Этот пример моей категоричной юношеской оценки не кажется мне исключением на тогдашних Кресах. Ведь не только к Великой Польше, но и ко всей коренной Польше мы еще в период независимости относились с раздражением и пренебрежением, в каком-то смысле, как алжирские французы к Франции. О том, что Познань антипоэтична, что ее нет на карте польской поэзии, говорилось как о непреложном факте. Великополяки приводили ряд имен, вплоть до Каспровича, вспоминали «Богородицу», памятник польской религиозной поэзии, который был создан совсем не на Кресах, – но все это меркло в блеске Мицкевича и Словацкого.
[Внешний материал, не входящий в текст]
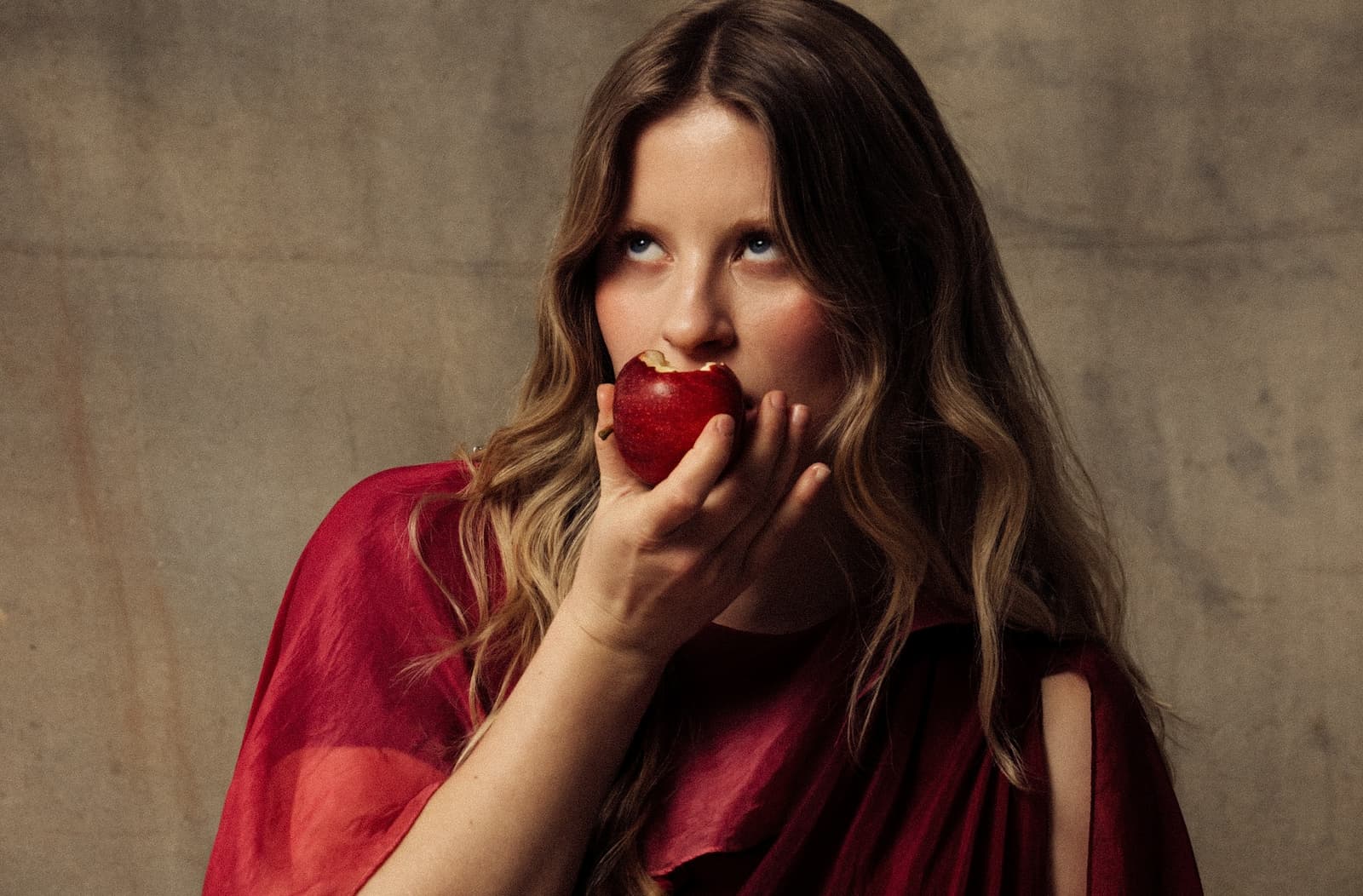 PARIS PALOMA REJEITA A FANTASIA MASCULINA E REIVINDICA SUA IMAGEM NO CLIPE DO SINGLE “GOOD GIRL”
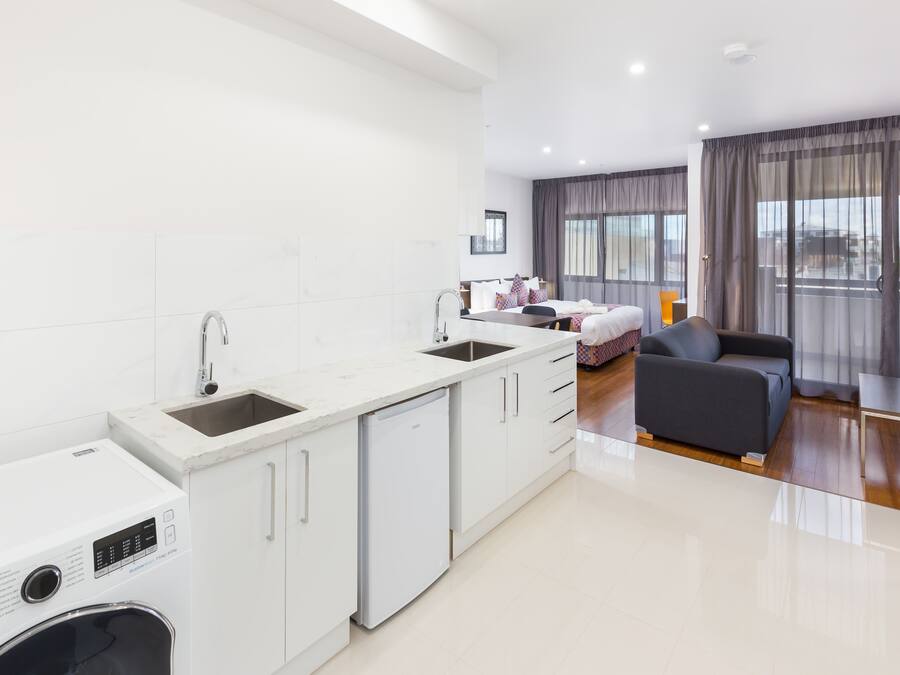 Studio Apartment with Disabled Access | Premium bedding, desk, laptop workspace, blackout drapes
Моравский показывает нам кусочек великопольского пейзажа – туман над Одрой, болота, заливные луга, могучие дубы, чернозем, где на полях во время пахоты находили каменные и бронзовые инструменты и глиняные сосуды – следы древнейших поселений. Он рассказывает и о более позднем населении, о нормандских рыцарях, пришедших в XII веке, о романской арке в Любоне, о врастании польской шляхты, более кочевой, в мир крестьянства, укорененных и оседлых крестьянских династий.
Автор дает представление о культуре, передаваемой из поколения в поколение, о соседских отношениях между поместьем и деревней – намного более демократичных, чем у нас на Кресах, – и по-свойски, по-семейному решавшихся конфликтах уже в независимой Польше.